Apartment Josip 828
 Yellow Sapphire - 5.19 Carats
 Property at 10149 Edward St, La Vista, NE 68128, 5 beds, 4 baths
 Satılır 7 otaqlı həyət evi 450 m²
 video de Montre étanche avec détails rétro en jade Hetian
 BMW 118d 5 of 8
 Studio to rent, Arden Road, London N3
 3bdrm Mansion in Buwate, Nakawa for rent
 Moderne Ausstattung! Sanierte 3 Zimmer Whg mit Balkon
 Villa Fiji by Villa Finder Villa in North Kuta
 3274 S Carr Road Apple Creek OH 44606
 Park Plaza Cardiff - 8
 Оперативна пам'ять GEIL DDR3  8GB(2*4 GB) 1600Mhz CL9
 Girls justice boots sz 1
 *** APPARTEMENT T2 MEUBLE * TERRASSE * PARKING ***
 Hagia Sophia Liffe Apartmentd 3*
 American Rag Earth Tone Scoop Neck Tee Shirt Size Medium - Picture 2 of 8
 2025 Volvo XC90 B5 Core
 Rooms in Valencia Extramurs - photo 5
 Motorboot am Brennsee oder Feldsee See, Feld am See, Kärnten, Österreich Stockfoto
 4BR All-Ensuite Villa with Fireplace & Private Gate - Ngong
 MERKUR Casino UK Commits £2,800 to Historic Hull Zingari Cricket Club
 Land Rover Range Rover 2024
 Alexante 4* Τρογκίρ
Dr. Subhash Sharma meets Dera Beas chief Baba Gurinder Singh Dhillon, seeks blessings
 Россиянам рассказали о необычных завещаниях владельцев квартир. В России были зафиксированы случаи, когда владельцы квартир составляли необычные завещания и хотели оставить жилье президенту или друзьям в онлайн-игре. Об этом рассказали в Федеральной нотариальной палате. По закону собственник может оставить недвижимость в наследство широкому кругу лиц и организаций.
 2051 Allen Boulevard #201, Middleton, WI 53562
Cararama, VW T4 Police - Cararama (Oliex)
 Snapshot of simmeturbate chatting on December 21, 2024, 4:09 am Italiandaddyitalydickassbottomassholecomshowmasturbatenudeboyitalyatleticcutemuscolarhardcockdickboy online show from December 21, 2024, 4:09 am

::::

• Task prompt
Scan the records above and show every line in which the word "Road" occurs.

• Answer to the problem
 Studio to rent, Arden Road, London N3
 3274 S Carr Road Apple Creek OH 44606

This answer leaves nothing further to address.